The kurtosis index is low (0.14) suggesting a hypo-normal (more flat) distribution relative to a normal distribution. In other words, the data have a flat top near the mean rather than a sharp peak.
- Gender
The data inferred that there were more males than females on TITANIC. More than half of the population of TITANIC was male compared to only about 40% of the passengers who were female.
- Ticket Fare
There were considerable variances in ticket fare on TITANIC.
The minimum ticket price was 0 which means that some passengers did not pay anything for the trip. Average ticket price was about 33 dollars which is quite low considering the most expensive fare was 512 dollars. That is because 75% of the passengers (3rd quartile) bought the ticket below the price of 31.27 dollars, 25% of them (the rest) paid from 32 dollars to 512 dollars. One of the main reasons the mean is not an appropriate measure is its sensitivity to extreme values. This is certainly the case with our data which comprises some extreme prices.
Therefore, we can see the outlier (512) in the box plot which is way higher compared to the mean of the ticket fare. This means that a very select clientele paid extremely much, perhaps being offered the appropriate luxury. Additionally the distribution is asymmetric, rightward (positive) skewed because the mean is greater than the median; general equilibrium is much higher the middle number. Upper limit is quite wide since, 3rd quartile is high, respectively 1st quartile is only 7 dollars.
As we can see in Histogram above, the majority of the passengers bought their ticket under the 50 dollars threshold. Between 32 dollars and 512 dollars ticket, many of them sold by price about 200-250 dollars. In fact only 4 people got the 512 dollar ticket out of 1309 passengers. As a result, most of the passengers on TITANIC had comparatively cheap tickets, even though a select few enjoyed the luxury travel that an expensive ticket bought them. Below, here’s a more representative Histogram of fares, one in which we have purposely omitted these luxury ticket prices, and we have increased the number of classes:
Other Statistics:
The high kurtosis (27.028) tells us that we are dealing with a hyper-normal distribution, which means that the TITANIC data is very peaked relative to a normal distribution. More specifically, the data have a distinct peak near the mean and then decline rapidly, having heavy tails.
- Survival ratio
The most important aspect of our analysis of the TITANIC data concerned the survival ratio and if there was a statistical link between this ratio and other variables discussed above. Analyzing this parameter we treated the non-survival event with the value 0 and the survival event with the value 1; average ratio of the survival was only 0.382. In other words, only 500 people survived out of the total of 1309.
2. Comparison
- Age and Survival
We have compared the age variation of those who survived with the age variation of those who did not to see if and how survival depends on the age of the population of TITANIC. We have found that survival does not depend on the gender of the people as the statistics are extremely similar in both cases. The average age of the survival group was about 29, with a variance of 226.3, while the deceased group had, on average, about 30 years, with a variance of 193.5. Standard deviation was 15 and 13.9 respectively.
- Gender and Survival
We also compared the relative frequency of gender and survival, to see which gender group formed which category. Here is what we found:
Basically, 68% of the survivals were females while 32% were males. On the other hand, 16% of the passengers that did not survive were female, while 84% were males. However, from this statistic we cannot say in particular that survival depended on one gender or another.

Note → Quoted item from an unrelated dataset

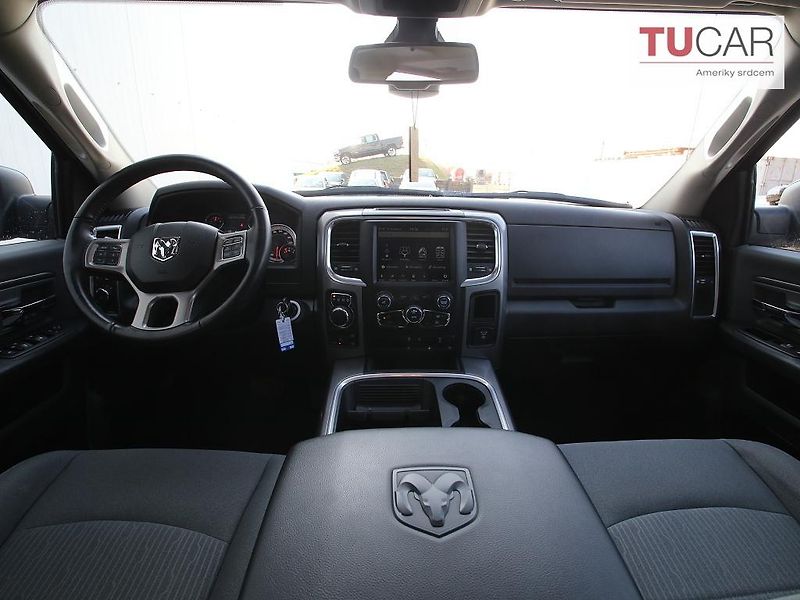 RAM 1500 (2023) Classic 5.7 V8 HEMI - fotka 18 z 44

- Ticket Price and Survival
Last, we compared ticket price paid and survival, to see if there is any dependency between the two, or more importantly to answer the question: Did the passengers of TITANIC buy a ticket to “survival”?

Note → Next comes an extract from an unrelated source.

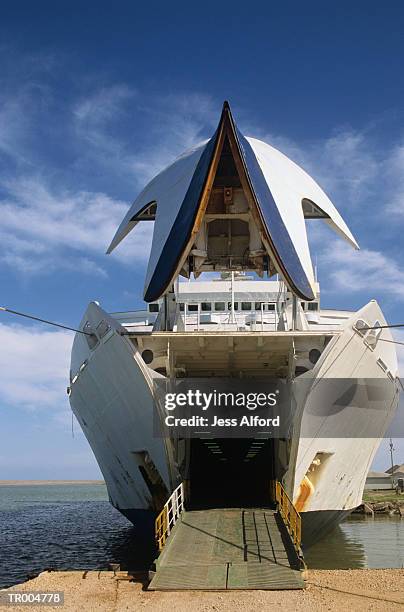 ferry boat - peça de embarcação imagens e fotografias de stock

We found out that there was a difference in the prices of those who survived, namely they paid more for their tickets. However, we cannot infer that survival depended on the ticket price because of the high variability of those who survived. The maximum price paid by a survivor was 512 while the maximum paid by a non-survivor was 263. This doesn’t tell us much except that all 4 people who paid the extreme amount of 512 survived.
On average, the survivors paid more than double for their prices but again, the average was influenced heavily by the outliers.
- Conclusion
By making a simple analysis of the general information of TITANIC, we were able to describe the population of the ship in terms of several variables. To summarize, the population was relatively young, more than half of them were males who did not pay too much for their tickets. This fits with the stereotype of the poor young man, in his 20s, looking for a new life in the land of the dreams. Unfortunately, survival ratio from TITANIC was not very high, only slightly less than 40% of the passengers were able to further pursue their dreams.